• **WHAT TO WORK ON**:
The lines from the beginning of the records below through the one holding "Certified 2022 Chevrolet" are to be copied exactly; leave the pictures out.

• **PROVIDED MATERIAL**:
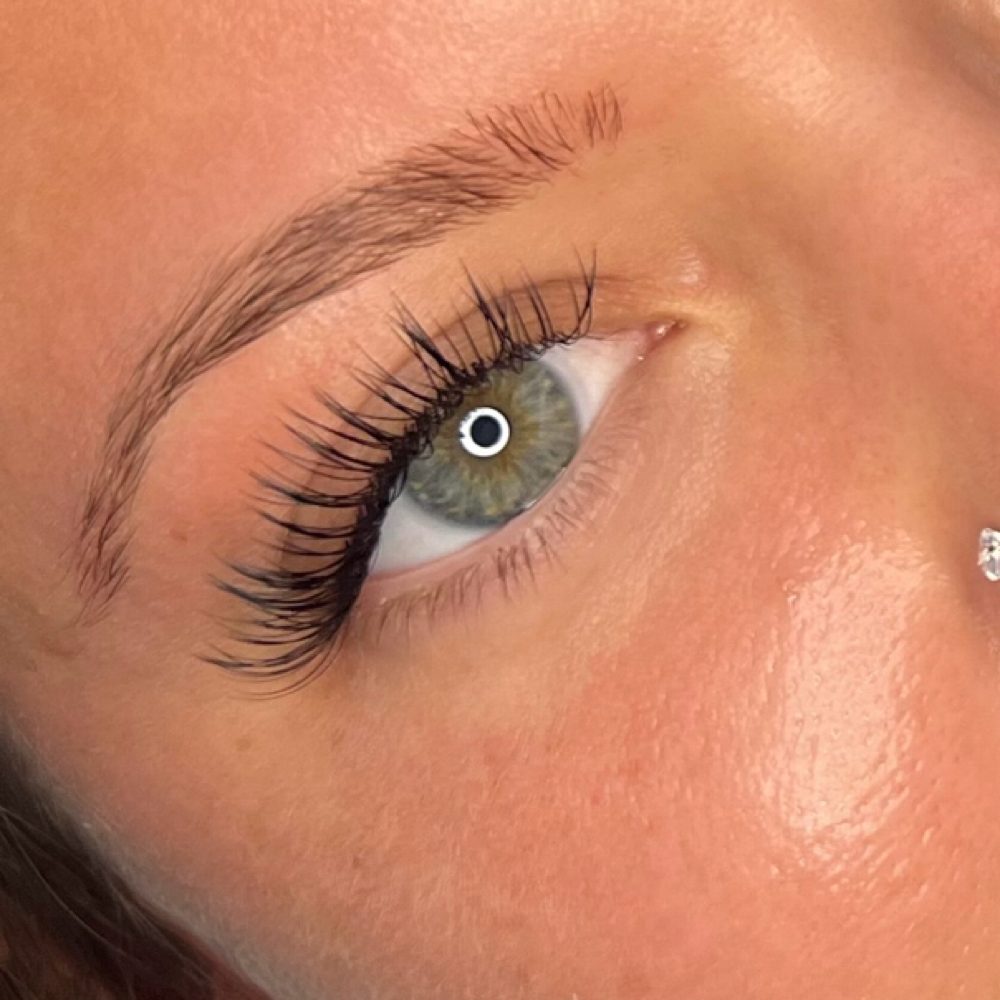 Classic Lash Extenstions Full Set at GiaRo’s Brows & Blinkers in Pittsburgh, PA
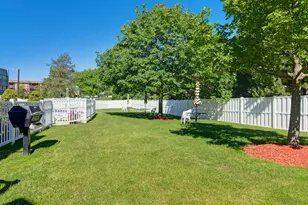 6340 Americana Dr, Willowbrook, IL 60527 - Photo 14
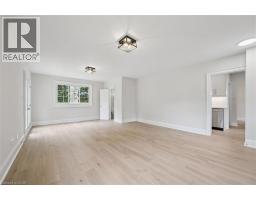 651 DUNDAS Street S - 10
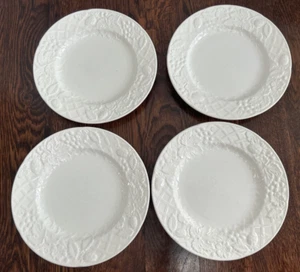 MIKASA Malaysia ENGLISH COUNTRYSIDE Pattern 8 3/8" SALAD PLATES Set of FOUR - Picture 1 of 13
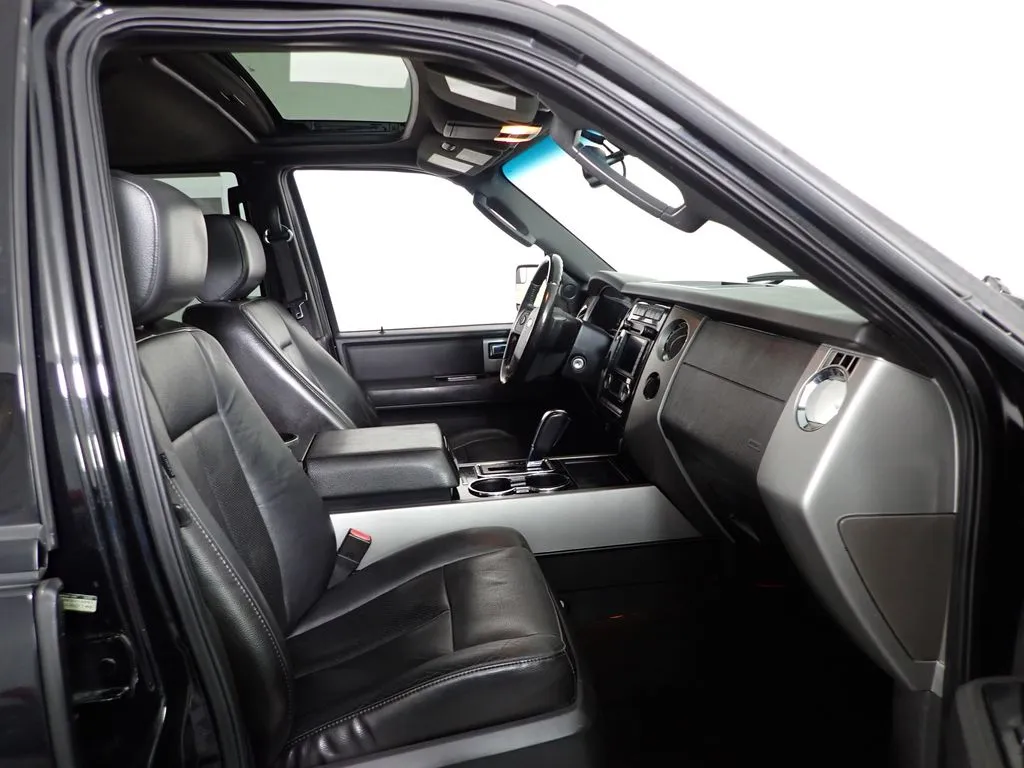 Ford Expedition EL photo 31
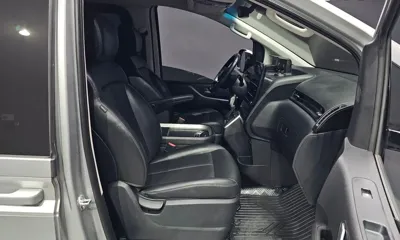 Hyundai Staria 2022, 89837 км, за 15960.92 USD - фото 26
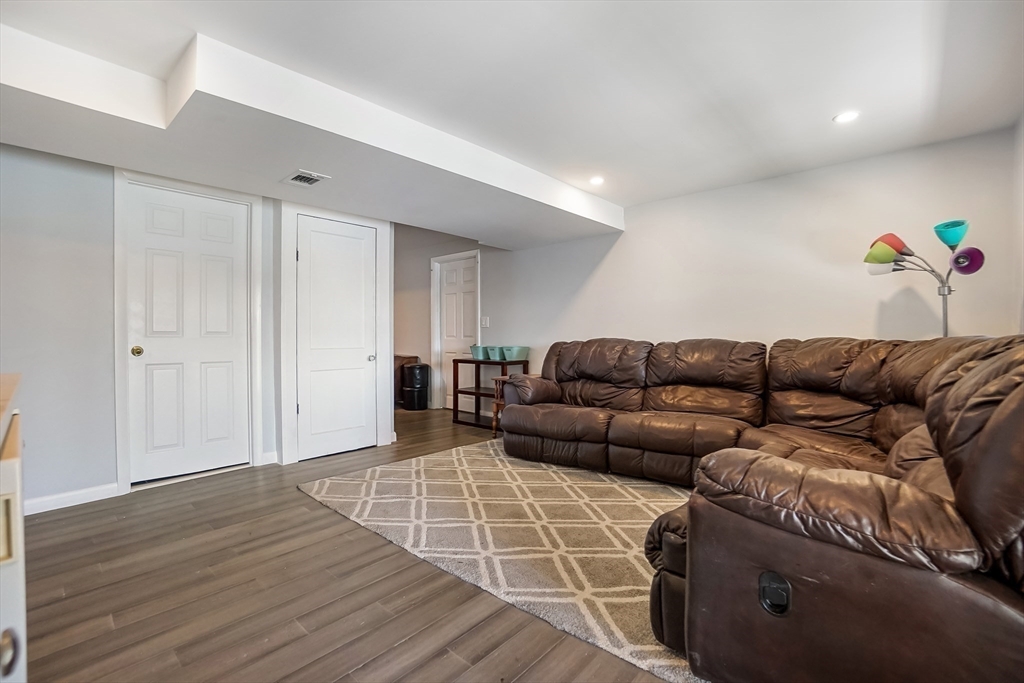 63 Fort Meadow Dr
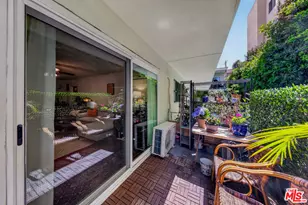 446 S St Andrews Pl, Los Angeles, CA 90020 - Photo 17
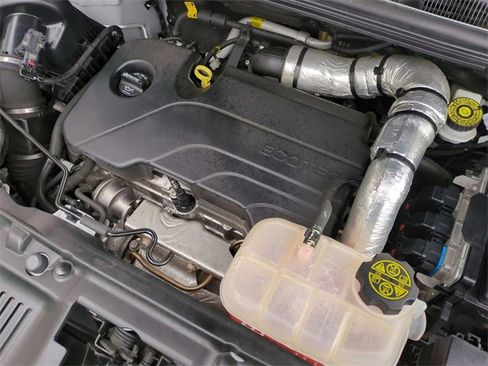 Certified 2022 Chevrolet Trax LT w/ Sport Edition image 28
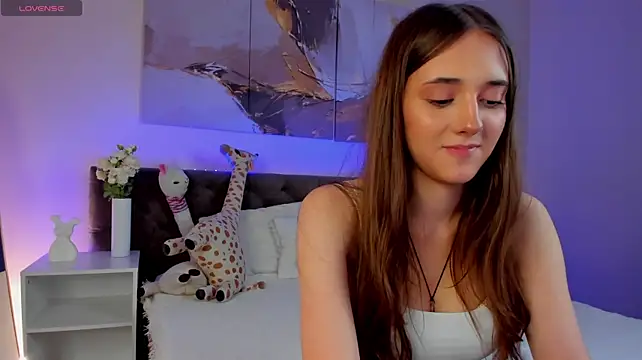 Emilia_R1y webcam
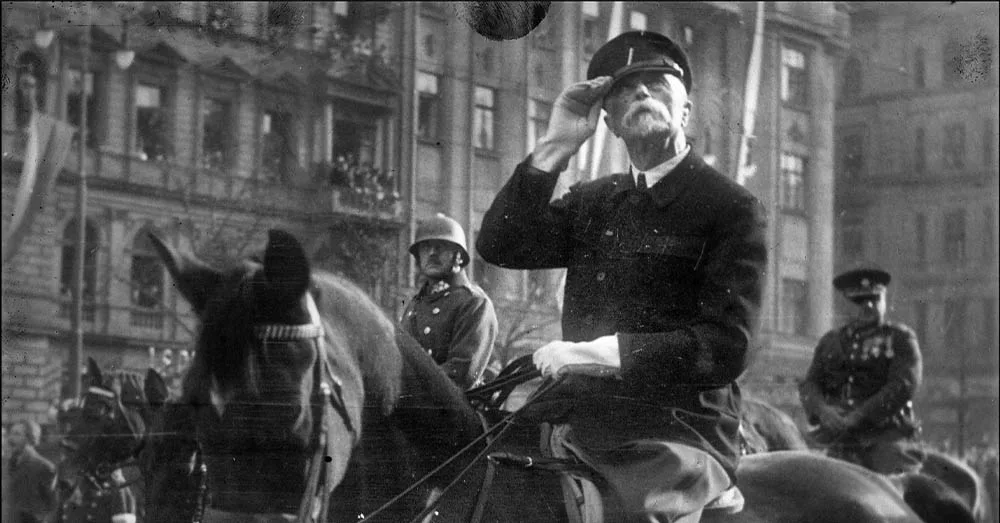 Tomas Masaryk bij de vijftiende verjaardag van de Tsjechische republiek in 1933 (Photonews)
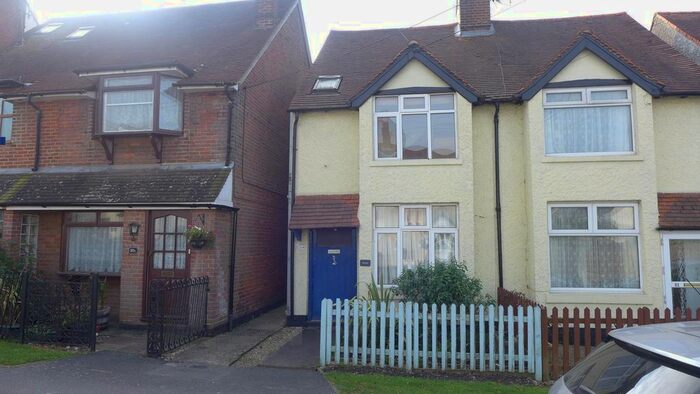 3 Bedroom Semi-Detached House To Rent In Poppy Road, Princes Risborough, HP27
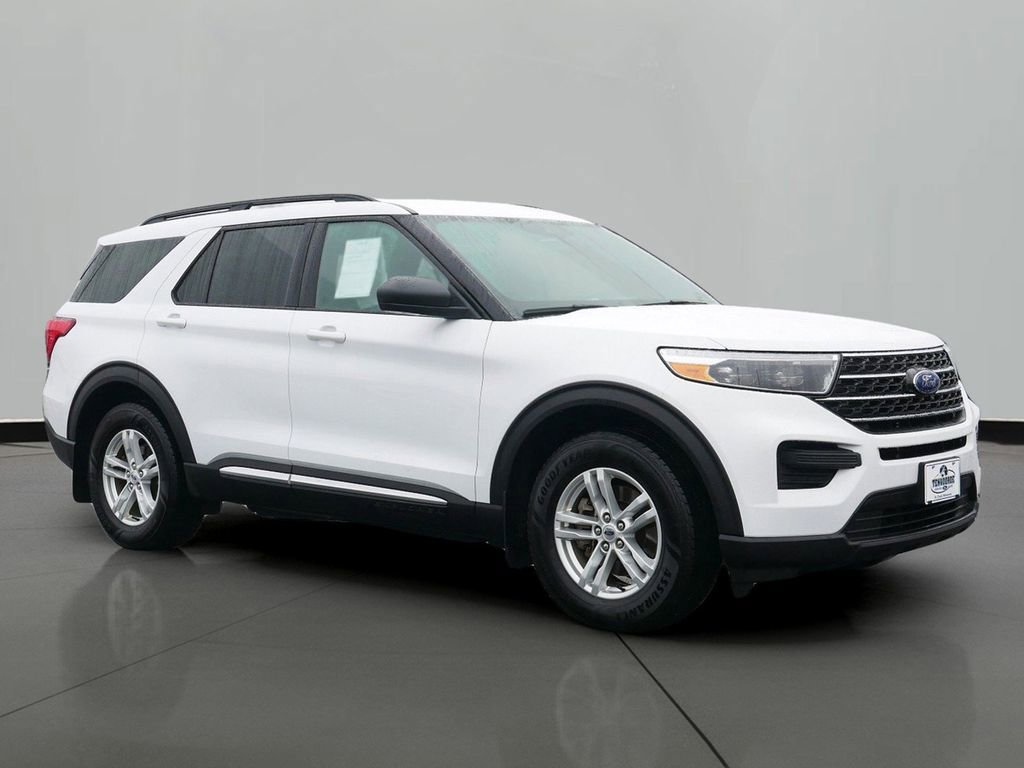 Used 2020 Ford Explorer XLT w/ Comfort Package image 4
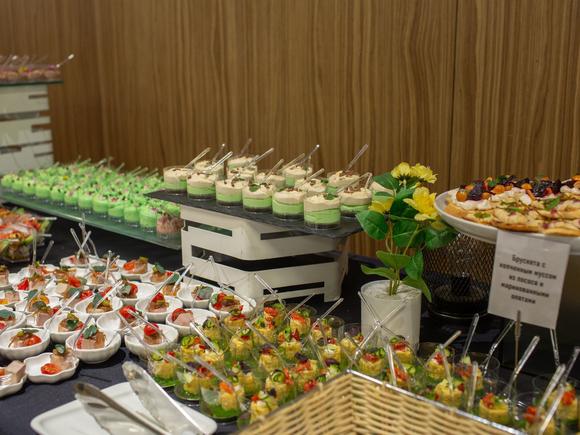 Премиальный фуршет с обслуживанием на 150 персон в Москве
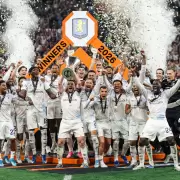 Aston Villa gole� al Friburgo y se consagr� campe�n de la Europa League tras 44 a�os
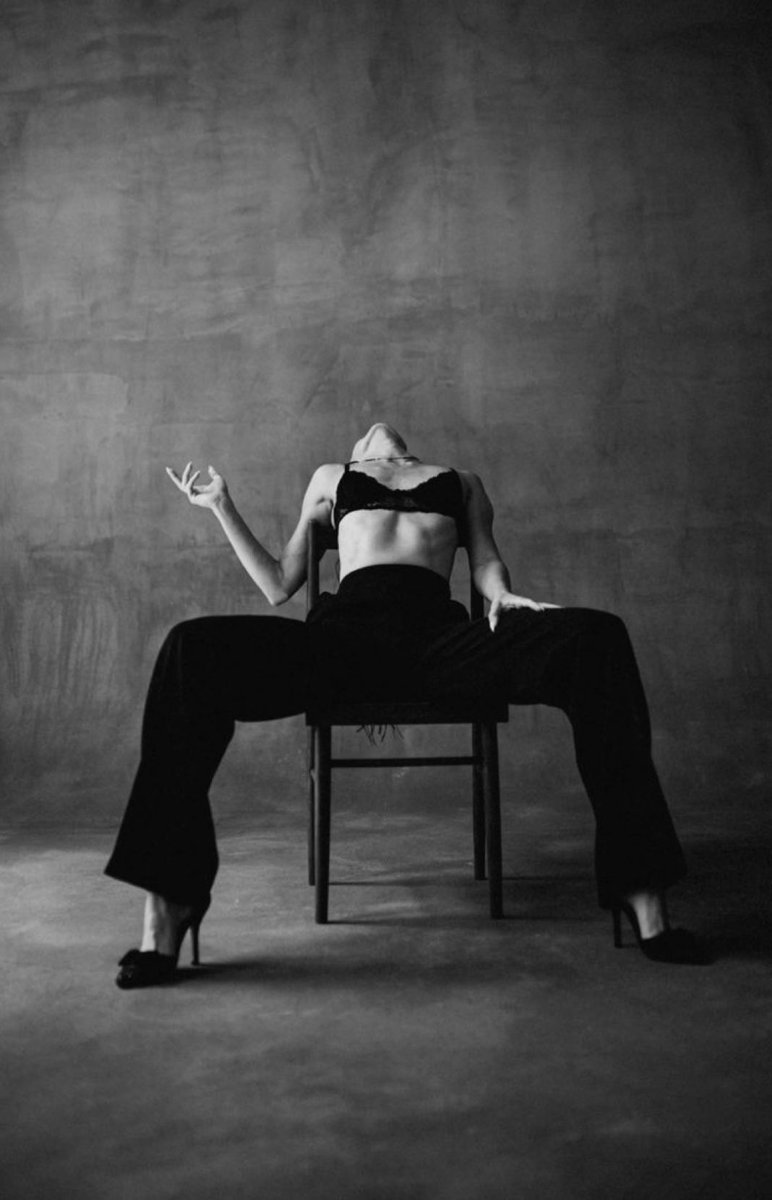 Antreten und abdrücken ihr kleinen Loser.👸💸🐷 
Eure Göttin ist online für Melkungen.👸💸🐷
#findomgerman #göttin #herrin #zahlsklaven #melkung #findomgod #zahlen #pay #jetzt #antreten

• **RESPONSE AREA**:
 Classic Lash Extenstions Full Set at GiaRo’s Brows & Blinkers in Pittsburgh, PA
 6340 Americana Dr, Willowbrook, IL 60527 - Photo 14
 651 DUNDAS Street S - 10
 MIKASA Malaysia ENGLISH COUNTRYSIDE Pattern 8 3/8" SALAD PLATES Set of FOUR - Picture 1 of 13
 Ford Expedition EL photo 31
 Hyundai Staria 2022, 89837 км, за 15960.92 USD - фото 26
 63 Fort Meadow Dr
 446 S St Andrews Pl, Los Angeles, CA 90020 - Photo 17
 Certified 2022 Chevrolet Trax LT w/ Sport Edition image 28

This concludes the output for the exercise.